The US economy added more jobs than expected last month, and you can thank state and local government hiring for the increase.
Although job losses continued at the federal level in June, overall government employment rose by 73,000, bolstering an NFP headline that would’ve otherwise struggled to show a meaningful gain.
The topline readout from the June jobs report, released a day early to make room for Friday’s US holiday, was 147,000, 40,000 ahead of a subdued consensus. Revisions added 16,000 to the prior two months’ headlines.
As the figure shows, the three-month moving average is now 150,000, the highest since February.
Outside of education-related hiring subsumed in the state and local government categories, only health care and social assistance managed a decent result in the June report.
When a Democrat’s in the Oval Office, snarky sell-siders and right-wing bloggers are inclined to lampoon jobs reports where government hiring, health care and social assistance do the heavy lifting.

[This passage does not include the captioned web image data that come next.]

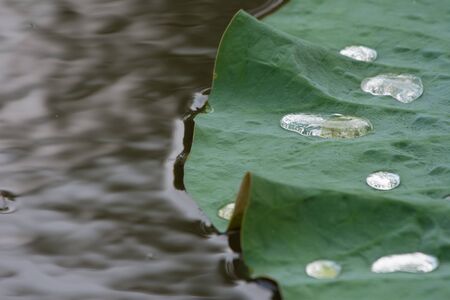 Nature Backgroundの写真素材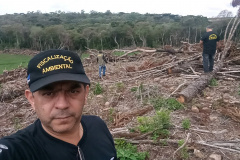 Operação Mata Atlântica em Pé aplicou R$ 15,6 milhões em multas por desmatamento ilegal . Foto: IAT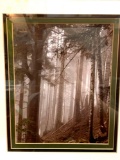 Framed Lamarre Wild Life Photo 15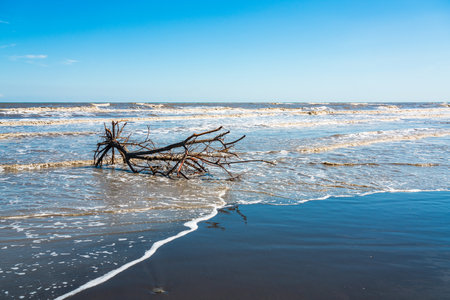 Wonderful driftwood on the seashoreの写真素材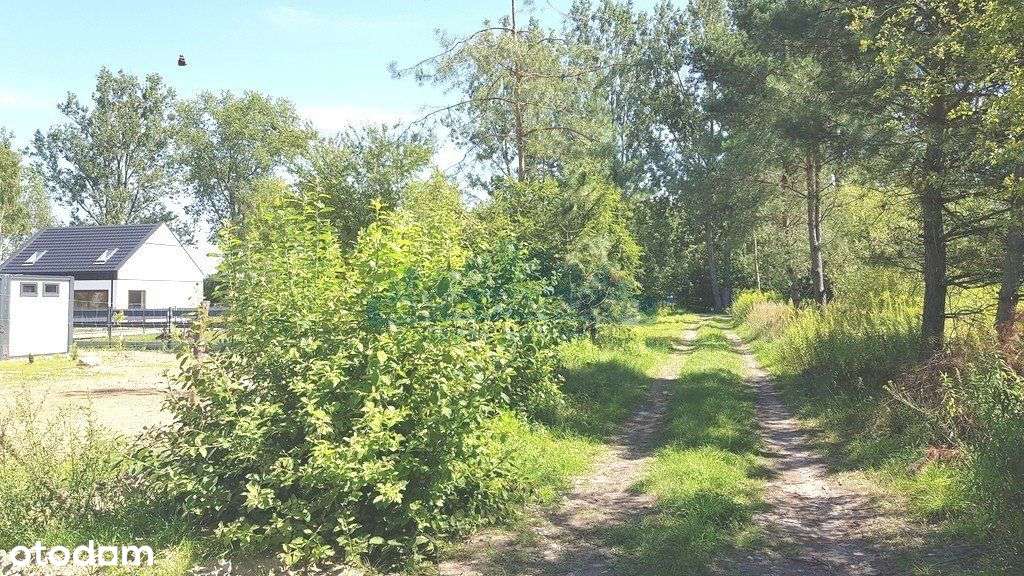 Urokliwa działka z mediami w drodze-0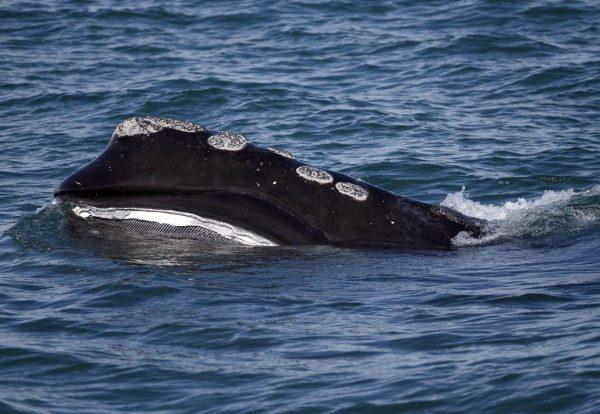 The head of a wildlife protection group is calling news of a dead right whale in the Gulf of St. Lawrence devastating. (Michael Dwyer/The Canadian Press, AP)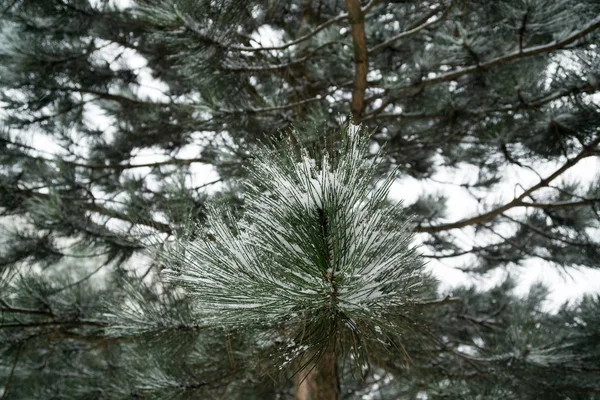 Naturaleza Cubierta Nieve Durante Invierno —  Fotos de Stock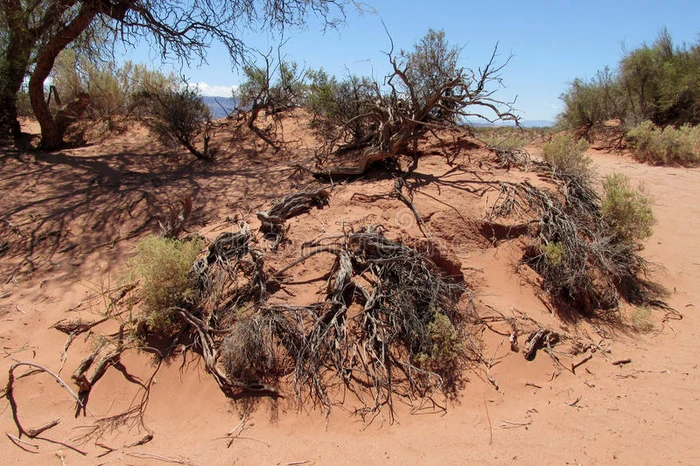 沙漠红沙土和干燥的灌木丛在上面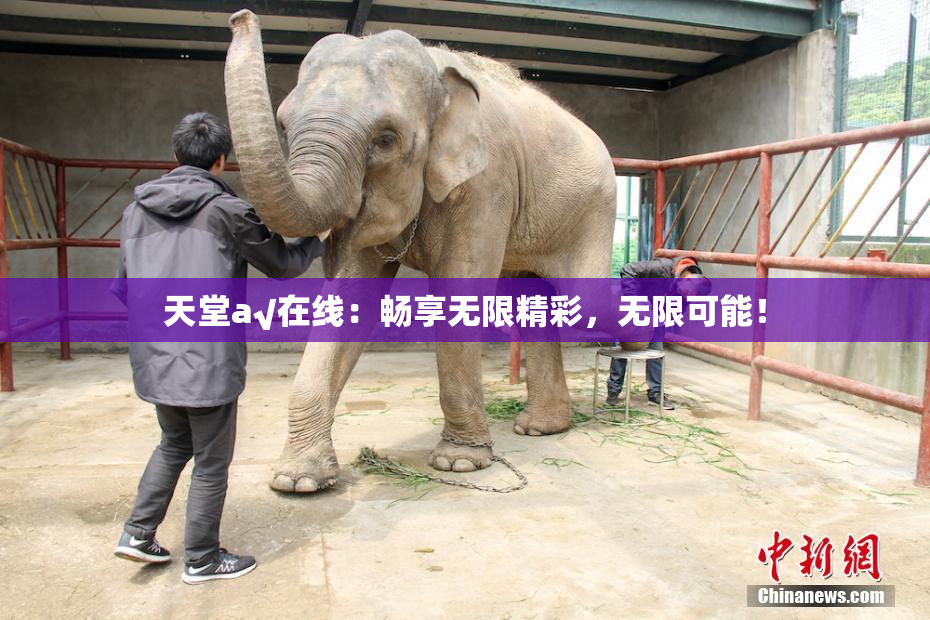 天堂а√在线：畅享无限精彩，无限可能！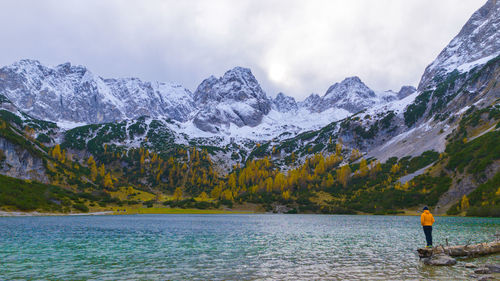 Vibrant autumn vibes at seebensee, framed by snow-dusted mountains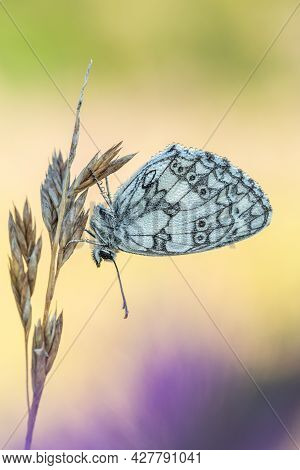 Beautiful Nature Scene With Butterfly Marbled White (melanargia Galathea) . Macro Shot Of Butterfly 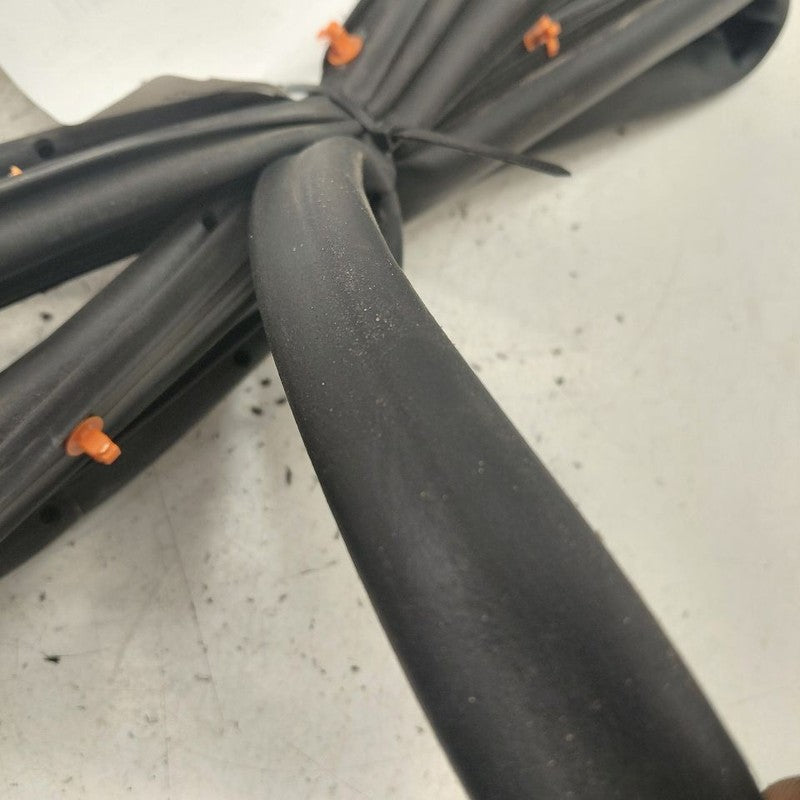 Ford Edge On Door Seal Rubber Left Driver Front  2019 2020 2021 2022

Something tells me they won’t level the same criticism at this release.
Remember when we were “re-privatizing the economy”? That was the mantra earlier this year from Scott Bessent. Well, overall private hiring was just 74,000 last month, well short of the 100,000 consensus and the slowest pace since October.
As the figure shows, state and local government hiring outstripped private job creation in June.
I suppose Bessent can pivot to a jobs-themed version of Donald Trump’s Roe stance: “Government hiring’s been returned to the states.”
Rounding out the establishment survey, average hourly earnings rose 0.2% MoM and 3.7% YoY, both cooler than expected.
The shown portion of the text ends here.